5) La Confédération tiendra toujours compte des intérêts de la Société des Nations et elle s’emploiera constamment à concilier ses préférences et ses intérêts avec les désirs et les besoins légitimes de la Société. Mais elle ne pourrait, en aucun cas, renoncer au droit d’exclure de son territoire toute personne privée qui, par son attitude et son activité, porterait ou pourrait porter préjudice aux intérêts de la Confédération.
6) Les autorités fédérales n’ont jamais entendu limiter le droit des journalistes étrangers spécialement dépêchés aux sessions du Conseil et de l’Assemblée d’écrire ce que bon leur semble aux journaux qui les envoient.
7) Elles ont reconnu, en règle générale, la même faculté aux journalistes séjournant à Genève, étant entendu qu’ils ne mettraient pas à profit leur séjour en Suisse pour critiquer systématiquement nos institutions ou nous créer des difficultés avec les Etats étrangers.
8) Les autorités fédérales se réserveront, en outre, toujours le droit, à l’égard de journalistes étrangers admis à séjourner et dont l’activité peut inspirer certaines craintes, d’exiger qu’ils s’engagent à ne pas nous créer des difficultés avec des pays étrangers.
9) Les autorités fédérales peuvent également refuser l’accès du territoire suisse à des journalistes indésirables. Le fait d’être «accrédité» par un journal, si honorable soit-il ne constitue pas un certificat d’honorabilité qui puisse faire échec aux mesures prises ou à prendre en vue de sauvegarder notre ordre public. Si ce principe était battu en brèche, un individu expulsé de Suisse pourrait y rentrer sous le couvert du mandat d’un journal 1’«accréditant» auprès du secrétariat de la Société des Nations. C’est inadmissible.

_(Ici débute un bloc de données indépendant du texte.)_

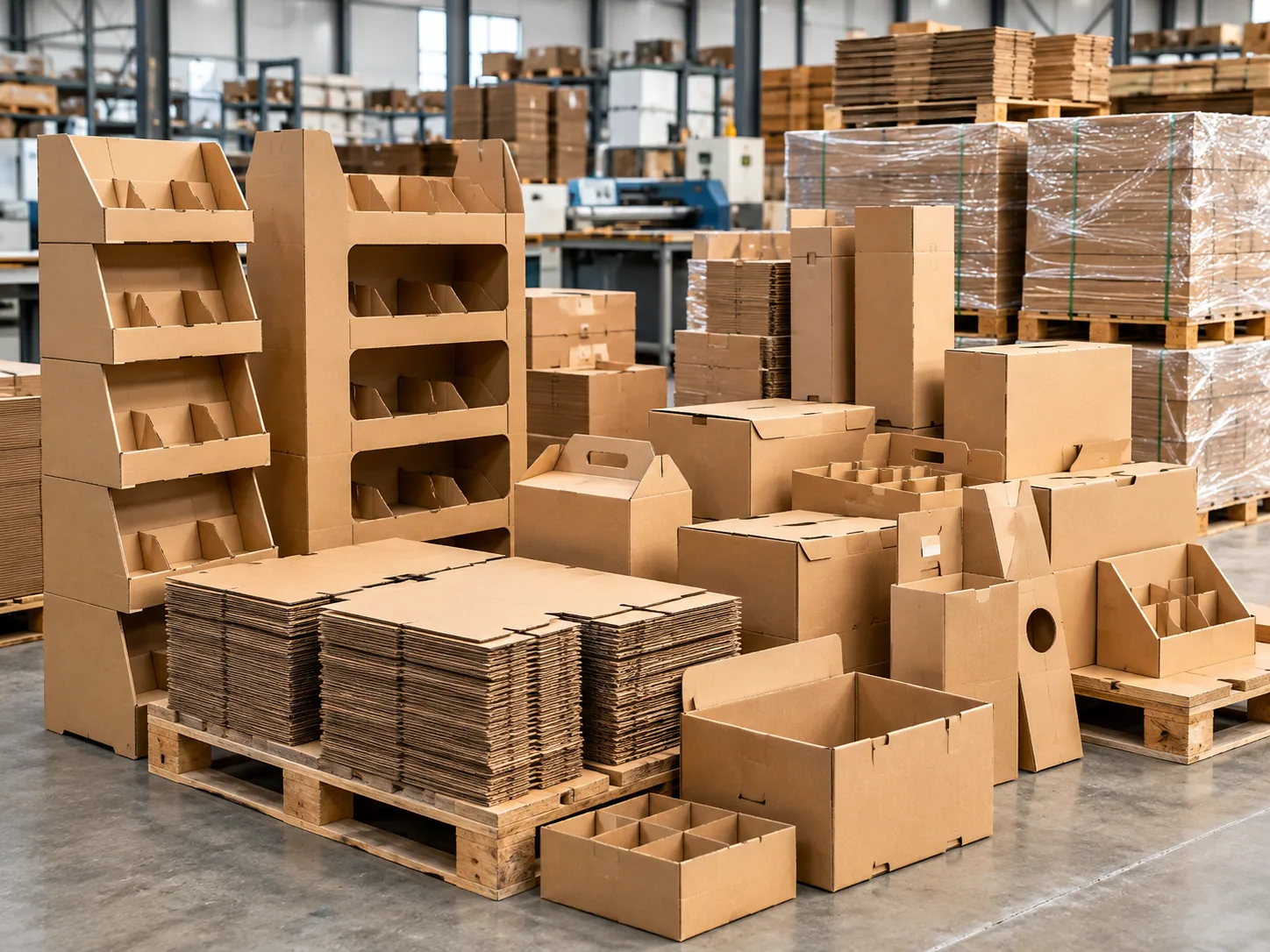Entregamos tu producción: Exhibidores y cajas de cartón terminados sobre pallets, listos para entrega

10) Pour ce qui est des réfugiés politiques, la Confédération exigera toujours qu’ils s’en tiennent de la façon la plus stricte aux conditions auxquelles est nécessairement subordonnée leur admission en Suisse. Un réfugié ne peut pas de plein droit exercer la profession de journaliste dans le pays de refuge. Si cette profession ne lui est pas interdite, elle peut être soumise à toutes les restrictions commandées par les circonstances. L’Etat, qui est seul juge de sa sécurité, est seul juge aussi de ce qu’il doit faire pour se protéger contre le réfugié qui exerce une activité incompatible avec sa qualité de réfugié.

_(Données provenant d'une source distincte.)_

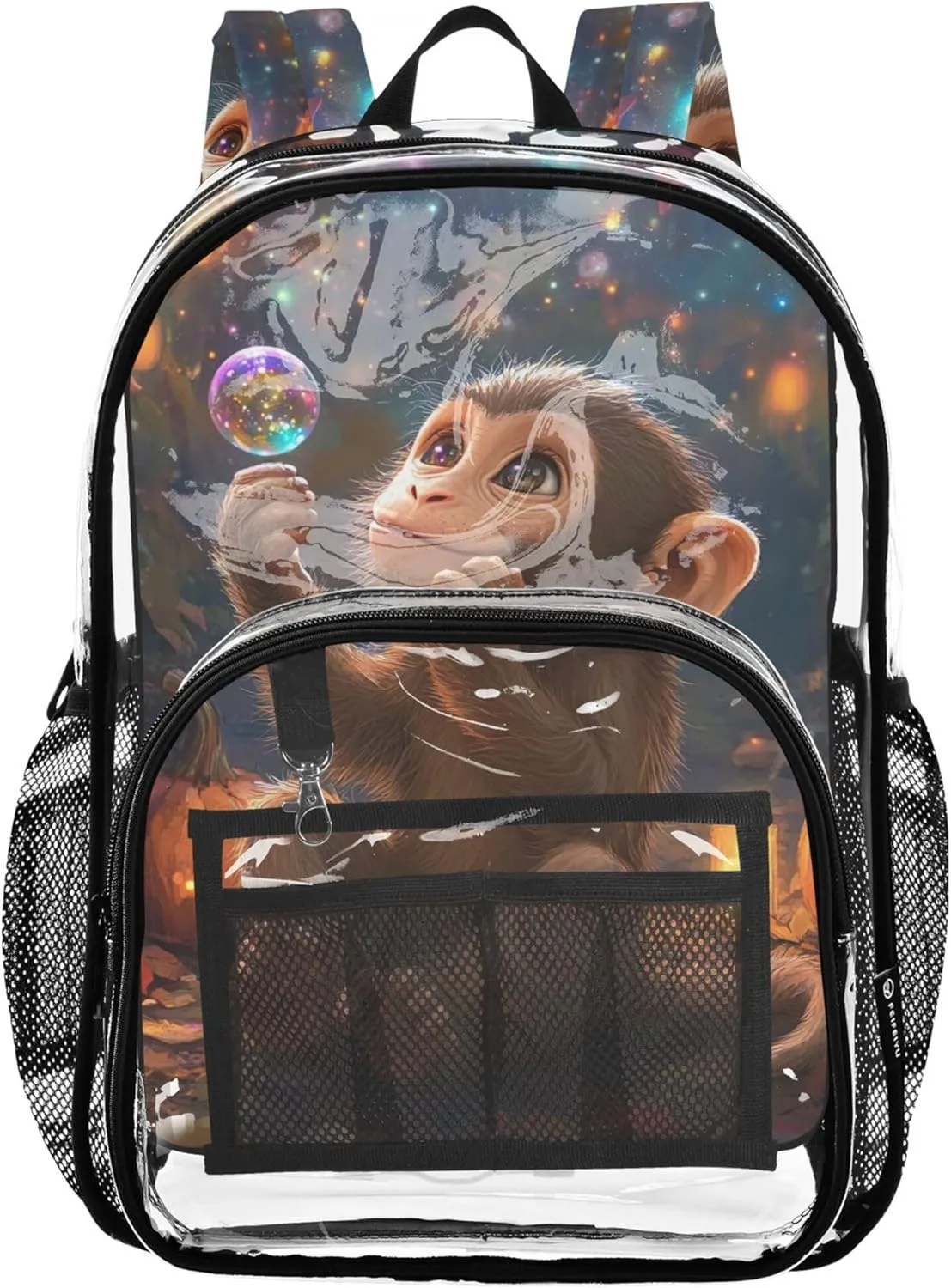 Cute Monkey Night Lantern Clear Backpack Women Cute Girls Backpack for Kids School Clear Shoulder Bag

11) L’expérience a montré que ces principes ne sont nullement de nature à porter atteinte aux intérêts bien compris de la presse internationale représentée à Genève. La presse étrangère a joui jusqu’ici des plus larges facilités. Ce sera le cas aussi à l’avenir.
12) Les garanties qu’elle demande, elle les trouvera dans la pratique suivie jusqu’ici, comme elle les trouvera dans les conceptions politiques d’un pays qui croit avoir prouvé au cours de son histoire et qui prouve tous les jours son attachement indéfectible au principe de la liberté de la presse.
Les divers points que nous venons d’énoncer se rapportent aussi bien au passé qu’au présent et à l’avenir. Ils touchent implicitement au cas A Prato auquel fait allusion expressis verbis Pinterpellateur; ils rappellent nos conceptions en matière de liberté de la presse et se prononcent nettement sur l’inopportunité qu’il y aurait à accorder aux journalistes à Genève un statut spécial que rien ne justifie. De cette manière, nous répondrions de façon complète aux questions que l’on veut bien nous poser, et nos déclarations constitueraient, par anticipation, la réponse à toute démarche éventuelle du Conseil de la Société des Nations à la suite de la requête dont il a été saisi par les journalistes.»
Vu ce qui précède et conformément à la proposition du département politique, il est décidé de charger le Chef de ce département de répondre au nom du Conseil fédéral, dans le sens des considérations qui précèdent, à l’interpellation déposée par M. Nicole au sujet du régime auquel sont soumis les journalistes «accrédités» auprès de la Société des Nations5.